Dealing with the compounding stressors involved in housing insecurity and homelessness often pushes voting to the back burner for many individuals. COVID-19 has been a big factor in shaping whether or not people who fit into this voting bloc will choose to or be able to cast their ballot this election cycle. 

“The pandemic had a huge impact on the homelessness response system in Connecticut,” Sarah Fox, director of advocacy and community impact at the Connecticut Coalition to End Homelessness, said.  

The Connecticut Coalition to End Homelessness works alongside emergency shelter providers, transitional housing providers and other community organizations toward the ultimate goal of preventing and ending homelessness in the state.  
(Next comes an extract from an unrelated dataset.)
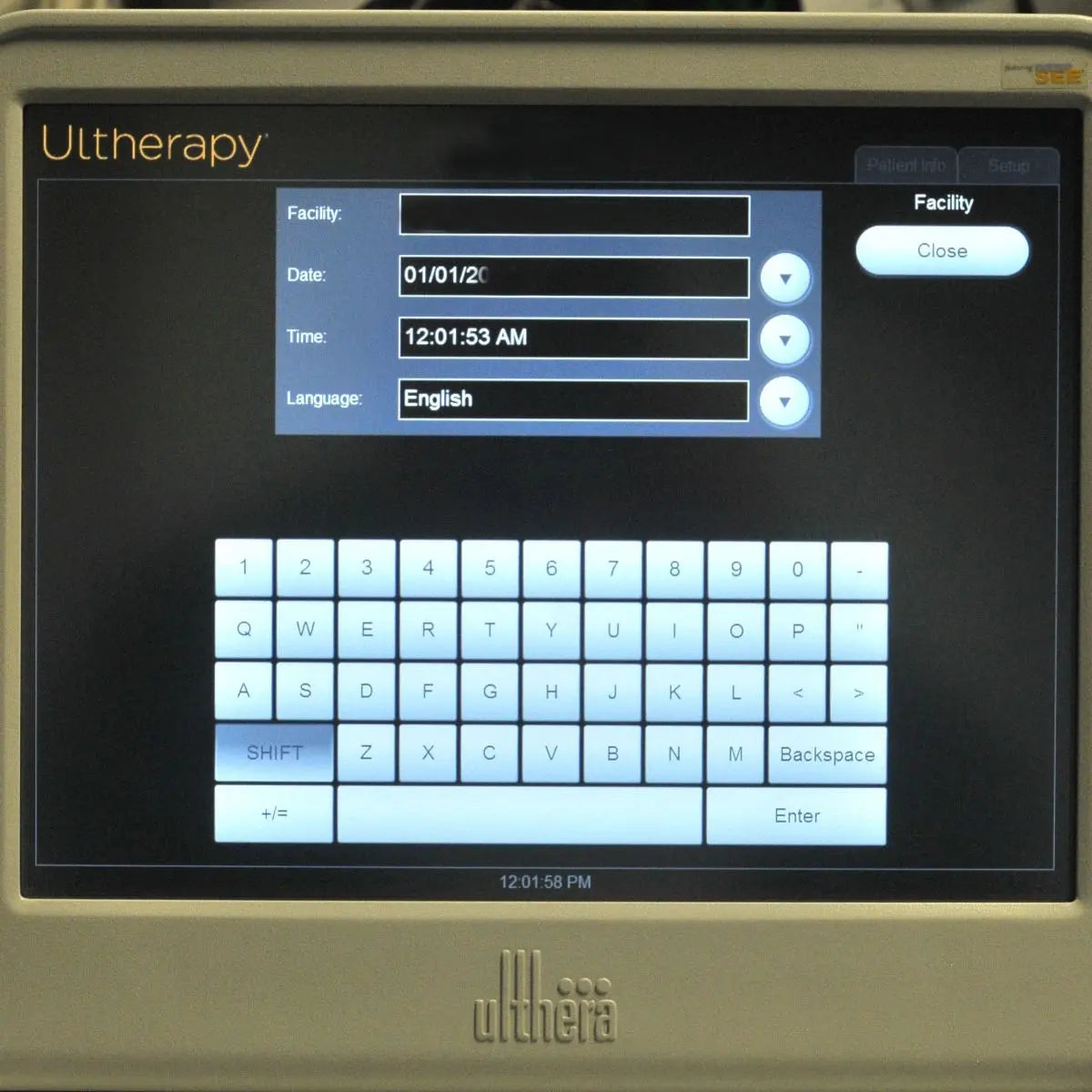 2016 Ulthera Ultherapy DeepSEE Ultrasound Skin Tightening Contouring System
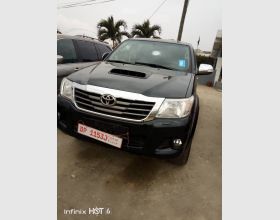  2014 Toyota hilux unregistered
A major problem that the pandemic created was that shelters were no longer considered safe since residents are closely congregated and were unable to socially distance themselves. NBC Connecticut reported that were roughly 2,000 people in homeless shelters at the beginning of the COVID-19 pandemic, and because of organizations like the Connecticut Coalition to End Homelessness, 1,099 people were connected to housing between June 1 and September 30. 

“Our focus is … keeping people safe and protected,” Fox said. “And really trying to get people into housing or keep them from falling into homelessness.” 

The National Coalition for the Homeless has created a campaign called “You Don’t Need a Home to Vote” in order to promote voting access for low income and homeless people and allow them to have a voice in their future.  

Homelessness and voting are two incredibly intertwined topics. Many people assume that individuals experiencing housing insecurity and homelessness are automatically ineligible to vote, but this is not the case. Local organizations like the Connecticut Coalition to End Homelessness and nationwide organizations like The National Coalition for the Homeless are working tirelessly to provide a voice to these communities and encourage them to stay involved in the voting process. 

There are many resources on both of these coalition’s websites that provide information for potential voters as well as people interested in helping in the voter registration process. Voting is a basic human right that should not be determined by a person’s housing situation. Becoming educated on this topic will allow for more members of the homeless community to feel empowered to use their political voice in the future.